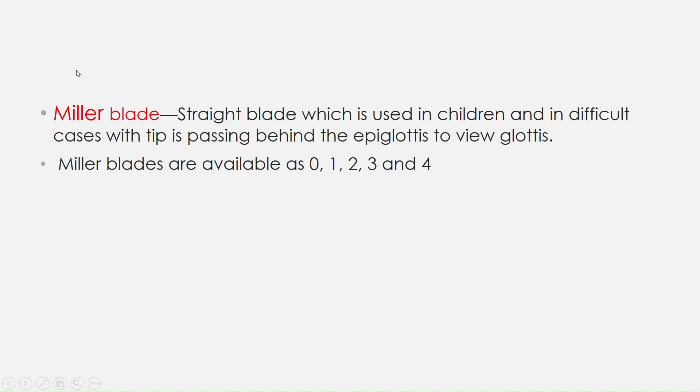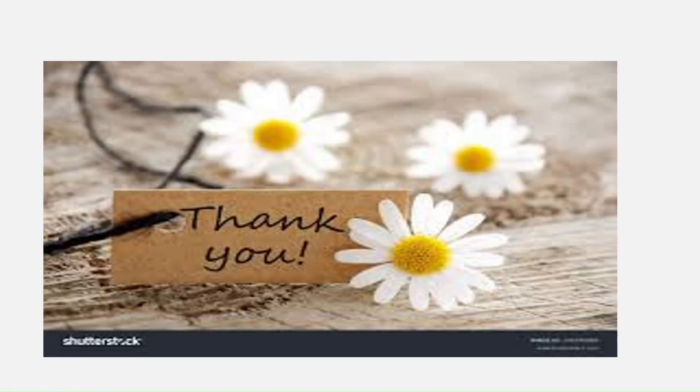Now talking about the Miller's blade — the straight blade, as I said earlier, is used in children and in difficult cases where the tip passes behind the epiglottis to view the glottis. The Miller blades are available in sizes 0, 1, 2, 3, and 4. Thank you, all the best for exams, bye.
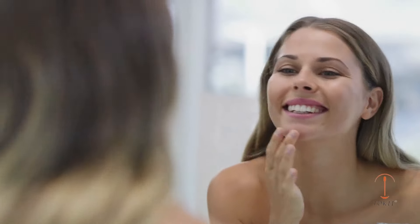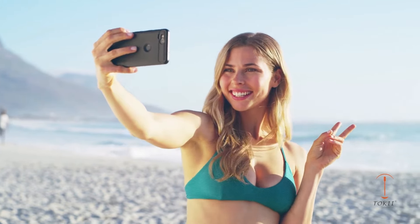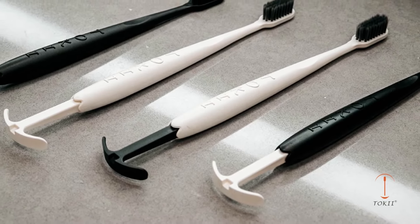The Tonki toothbrush was born out of necessity. Our unique, one-of-a-kind design has added a tongue scraper to the end of the toothbrush, so you will never miss out on your oral health care routine.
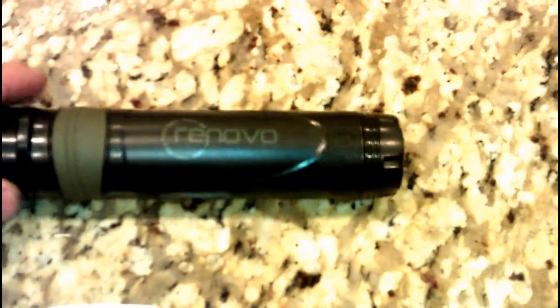Hi everybody, welcome to Survival's Basics. Today I want to go over the Renovo Trio. I just bought it today and wanted to give a quick review of it so you guys know. It seems to be one of the up and coming personal water filtration systems on the market, so I wanted to try it out.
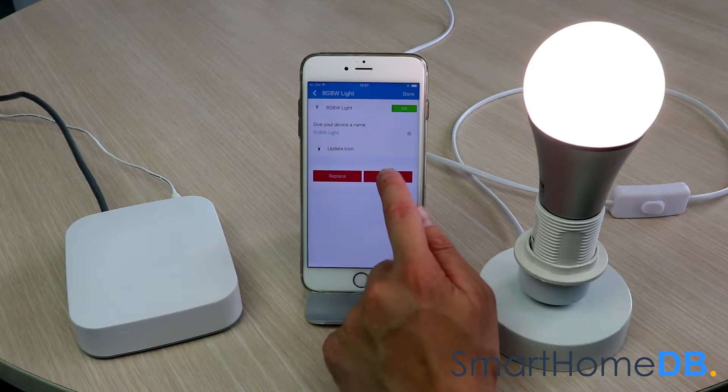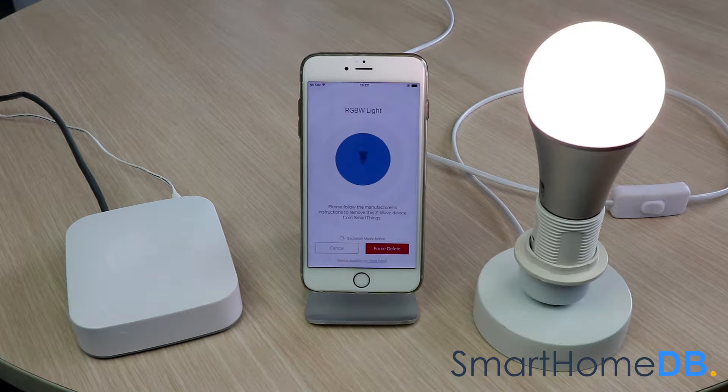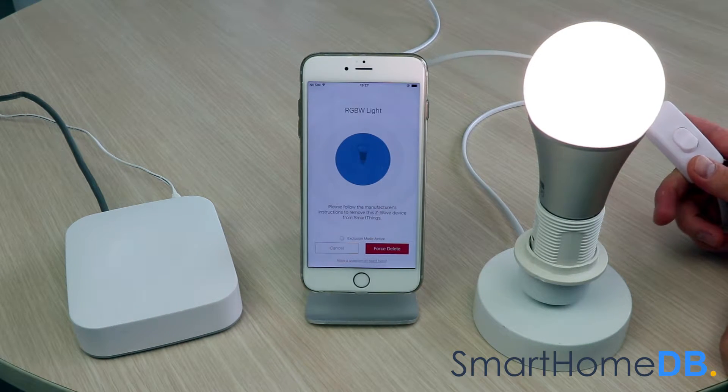We tap on Remove, then tap on Remove again to confirm. We then proceed by turning the power switch for the lamp socket off and on quickly for a total of 3 times, with the final state being on.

• TASK ITEM: When you write out the material again, keep every word exact and omit the pictures.

• SOLUTION:
Now talking about the Miller's blade — the straight blade, as I said earlier, is used in children and in difficult cases where the tip passes behind the epiglottis to view the glottis. The Miller blades are available in sizes 0, 1, 2, 3, and 4. Thank you, all the best for exams, bye.
The Tonki toothbrush was born out of necessity. Our unique, one-of-a-kind design has added a tongue scraper to the end of the toothbrush, so you will never miss out on your oral health care routine.
Hi everybody, welcome to Survival's Basics. Today I want to go over the Renovo Trio. I just bought it today and wanted to give a quick review of it so you guys know. It seems to be one of the up and coming personal water filtration systems on the market, so I wanted to try it out.
We tap on Remove, then tap on Remove again to confirm. We then proceed by turning the power switch for the lamp socket off and on quickly for a total of 3 times, with the final state being on.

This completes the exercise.